A recent University of California, Los Angeles spinoff, CarbonBuilt prevailed on the strength of its Reversa platform, encompassing mix design and curing innovations that reduce the net CO2 factor in a concrete product, slab or structure. The team of UCLA Samueli School of Engineering faculty members, project scientists and graduate students entered the competition as Carbon Upcycling UCLA to prove CO2Concrete processes. CO2Concrete was rebranded earlier this year as CarbonBuilt, a Los Angeles-based, independent entity aimed at commercializing Reversa.

“Having grown up on job sites, I have always been fascinated with the role that construction has played in solving societal challenges. To have spent the last decade finding a solution to mitigate the carbon footprint of concrete construction with a phenomenal team, and to have won the Xprize doing so is an ultimate dream come true,” says UCLA Professor of Civil and Environmental Engineering Gaurav Sant.

“With incredible innovation and persistence, Gaurav and his team have developed technology that has the potential to reduce emissions at a gigaton scale,” adds CarbonBuilt CEO Rahul Shendure. “We thank the NRG Cosia Carbon Xprize team not only for the award but also for setting high standards which resulted in a commercial-ready process. We look forward to delivering on our mission to decarbonize the concrete industry.”

Leading initial Reversa innovations are calcium hydroxide dosing in concrete mixes, where the compound offsets the amount of portland cement required to attain design strengths, followed by CO2 gas-enabled curing. Their first field deployment during Xprize took place at the Wyoming Infrastructure Authority’s Integrated Test Center. The team successfully sequestered waste CO2 from a coal-fired power plant in more than 10,000 concrete masonry units—investigators determining that Reversa can permanent store about 0.75 lb. of CO2 per 8-in. block.

A second demonstration early last month, prior to the Xprize Foundation announcement, used CO2 from coal- and natural gas-fired turbines at the National Carbon Capture Center in Alabama. Both exercises highlight Reversa’s ability to consume a wide range of dilute CO2 streams, unlocking the potential for partnerships across a wide range of industries, including with many of the distributed direct air capture technologies currently under development.

CO2 injection equipment at ready mixed concrete plant

Far and away the leader in carbon capture and use (CCU) methods applicable to concrete, Halifax, Nova Scotia-based CarbonCure Technologies earned its prize with a CO2 injection and mineralization process that has been widely deployed in North America and beyond.

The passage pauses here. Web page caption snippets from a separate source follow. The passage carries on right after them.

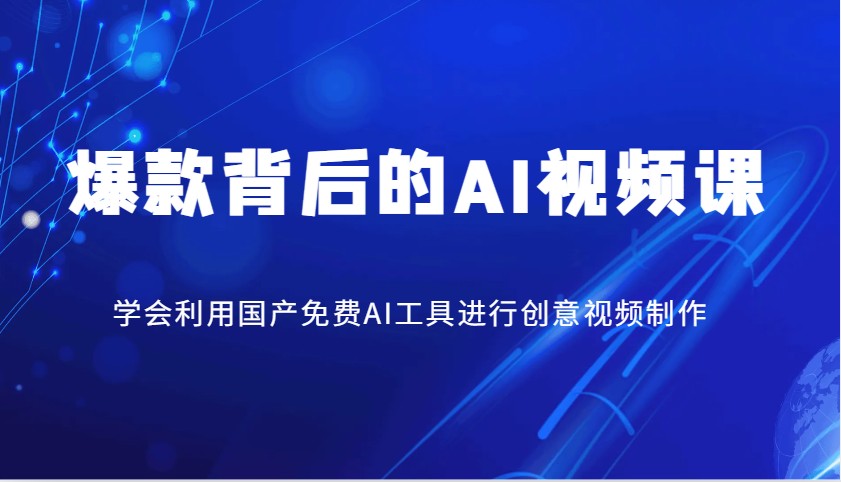 爆款背后的AI视频课，学会利用国产免费AI工具进行创意视频制作-网赚联盟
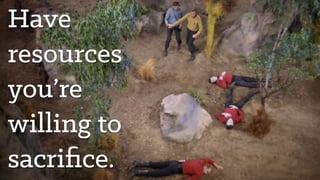 Have
resources
you’re
willing to
sacriﬁce.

The company’s team proved its CCU method at the Alberta Carbon Conversion Technology Centre in Calgary, replicating successes that North American and overseas CarbonCure users have logged in commercial high slump and dry cast concrete production for nearly a decade.

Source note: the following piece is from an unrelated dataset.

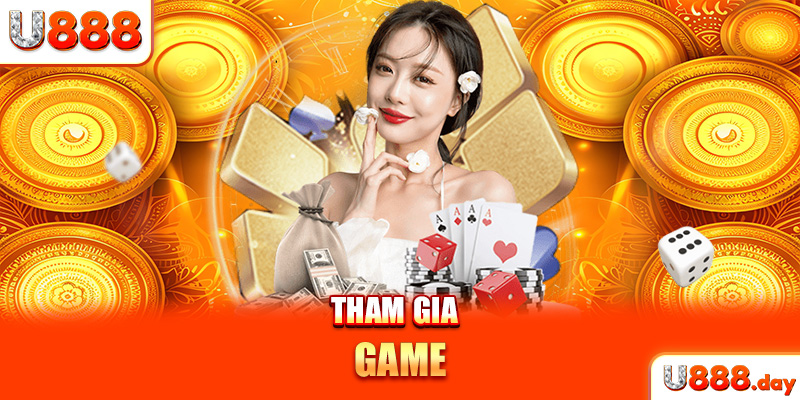 Tham gia game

“Climate change can seem like an insurmountable challenge. Team CarbonCure and our fellow Carbon Xprize contenders have demonstrated that the challenge is surmountable and that we have the solutions available today to create meaningful change,” says CarbonCure President Jennifer Wagner, team leader. “The prize money will be used to accelerate our path to our mission of reducing 500 million tonnes of carbon emissions annually by 2030. We’re also committing to build an Xprize legacy by investing a portion of the funds into social equity initiatives.”

“CarbonCure’s solution for the concrete industry exemplifies Xprize’s ideal innovation—it is effective, commercially viable, and scalable—and it can make a real difference to climate change today,” adds Xprize Foundation Vice President of Climate and Energy Marcius Extavour.

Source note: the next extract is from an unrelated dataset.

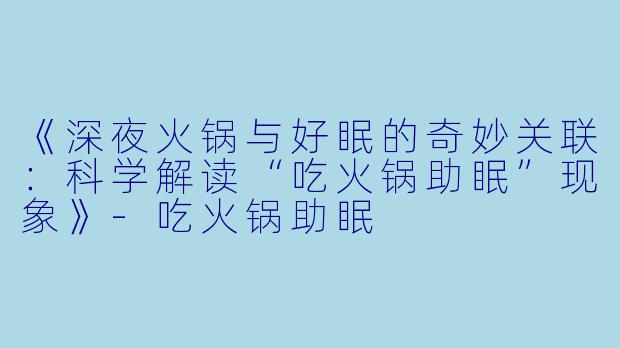《深夜火锅与好眠的奇妙关联：科学解读“吃火锅助眠”现象》-吃火锅助眠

Through more than five years of demonstrations or pilots, the competition enabled CarbonCure to showcase its flagship plus newer processes, including the world’s first integrated CO2 capture project from cement kiln emissions—Argos USA, Calera, Ala.—with beneficial reuse in concrete production. The final Carbon Xprize round saw premier of the company’s newest commercial technology: carbonating reclaimed concrete plant process water for onsite recycling.